▸ Data shown

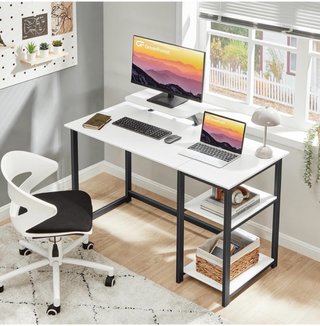 Escritorio con Estante Monitor Blanco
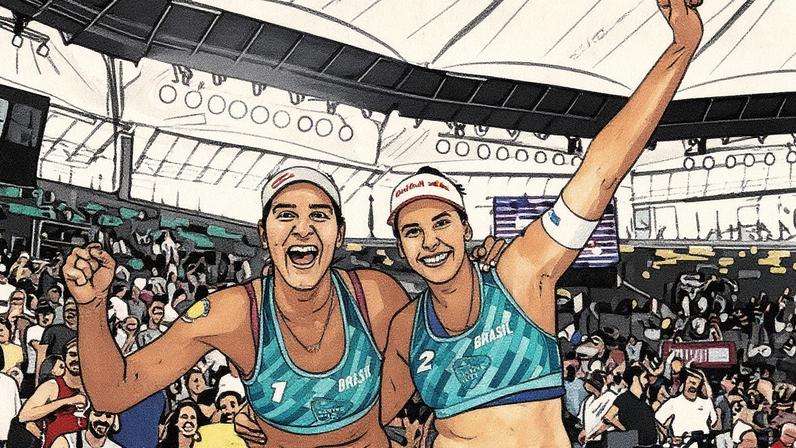 Duda e Ana Patrícia em ação na etapa de Newport Beach do Elite 16 (Foto: Volleyball World)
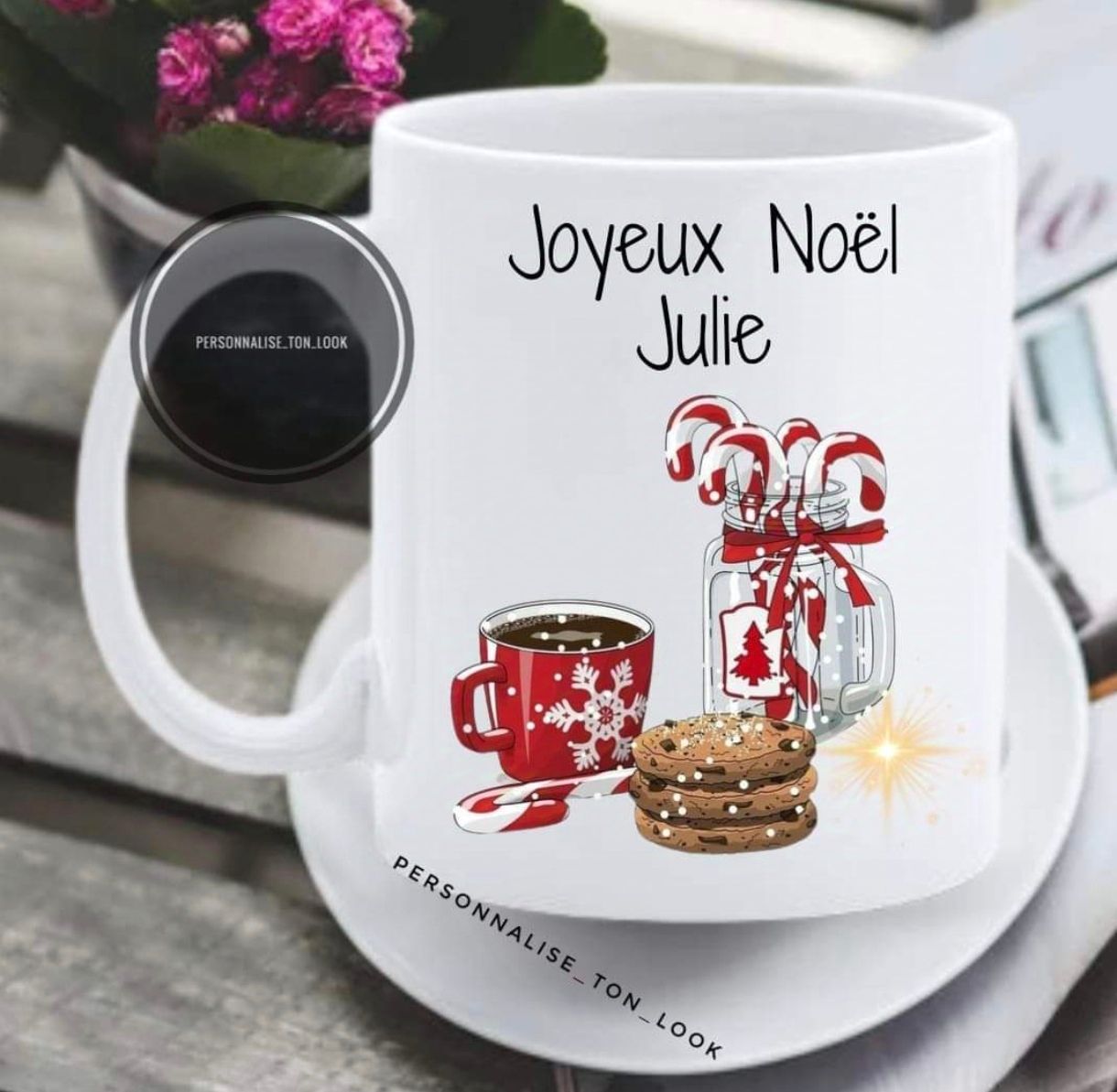 Mug joyeux Noël personnalisable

▸ Brief
Your response must consist of the material above, reproduced word for word, with the images omitted.

▸ Written answer
 Escritorio con Estante Monitor Blanco
 Duda e Ana Patrícia em ação na etapa de Newport Beach do Elite 16 (Foto: Volleyball World)
 Mug joyeux Noël personnalisable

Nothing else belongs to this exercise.